MS: I trained a lot. I know I had some issues regarding my fitness. But it was not an exceptional case. For a fast bowler, injuries are very common, especially in the knees and shoulder. To be very honest, I did never like the idea to train in a gymnasium, working with weight types of equipment. Rather, I, along with my Physio and trainer at the National Cricket Academy at Bengaluru, chalked out a training program which included a lot of running. For two hours every day, I ran. It helps me to lose weight and I am a fitter Shami now.
CS: Though you lost the test series in England, but the performance of the Indian pace bowling unit was admired by everybody. Your take.
MS: Yes, we have a very potent fast bowling line up. In England, the three who featured in the playing XI enjoy a strong understanding between them. Those who had to sit out did encourage us a lot. It has become a system in our team to help and support each other. We know each other’s strength and weakness. We complement each other. We bowl in partnerships. We plan according to the batsman and focus on how to execute our plans in the field. We have experience. Our bench strength is also noteworthy. That’s why we look a balanced bowling unit.
CS: There were a few matches in the Test series which were closely fought, and though England were victorious, the result could go either way. Was it disappointing for the team?

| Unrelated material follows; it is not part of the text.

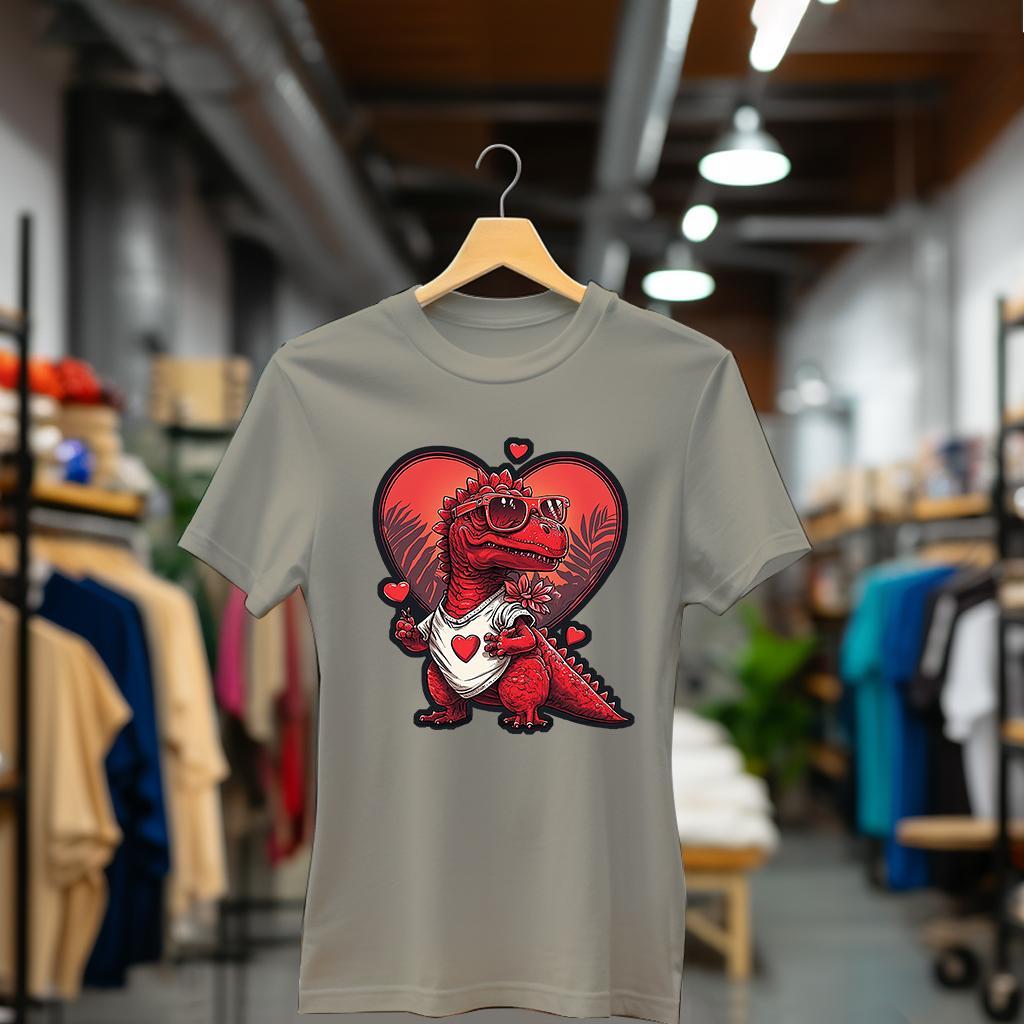 Camiseta Majica sa štampanim printom Cam 876, Ženska, Kaki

MS: We are like a family. We help and support each other. We celebrate together and when we face a tough time, we stay together. Yes, we lost some closely fought matches which we could have won. But we are happy with the way we played. Our chief coach Ravi Shastri and captain Virat Kohli always say to concentrate on our preparation. It’s important to give a hundred per cent on the ground. The result is not in our hands. We don’t blame each other for failure. Rather, we want to realize why we failed. It’s a kind of introspection.

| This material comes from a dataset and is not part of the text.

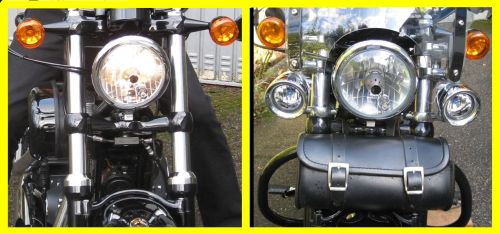 Bild 3: Harley, Frontvergleich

CS: As a Cricketer, what did you learn from this tour?
MS: I learnt a lot. I learnt how to keep patience when I can’t take wickets. I beat batsmen a lot of times, yet didn’t get as many wickets as I should have taken. That is a big learning experience.
CS: You are not a part of the national team in the ongoing Asia Cup. It must have been disappointing…

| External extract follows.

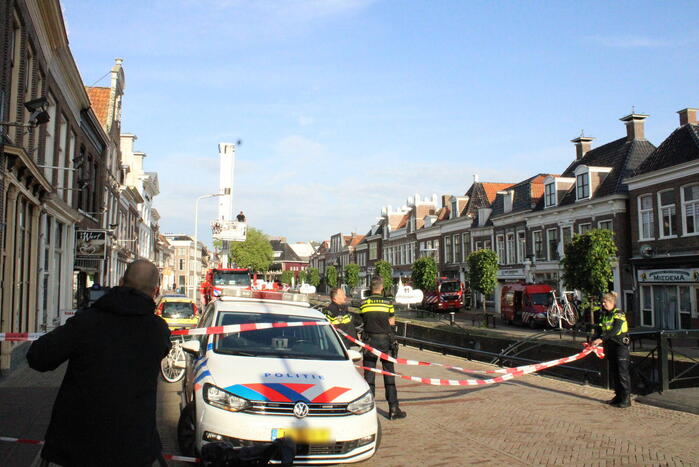 Overleden persoon in stadsgracht aangetroffen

MS: I look at it from a different perspective. I played all the 5 test matches in England and needed rest. Not being selected for the Asia Cup is a blessing in disguise for me. But yes, everybody wants to play as many matches as possible for the country. My aim is to bowl consistently and get a chance to play the World Cup next year. My first preference is to get into the world cup frame of the Indian team.
CS: So what is your plan to get into the world cup project? How are you approaching your goal?
MS: I have nothing to prove. My ODI stats will speak for me. I just concentrate on my level of fitness. I must work hard and take wickets consistently. The rest is at the selectors’ hand. They will take the final call.
CS: Which team do you find favourite to lift the Asia Cup?
MS: Of course India. We are far better as a team from the rest of the opponents. I will be surprised if India, somehow, failed to win the Trophy.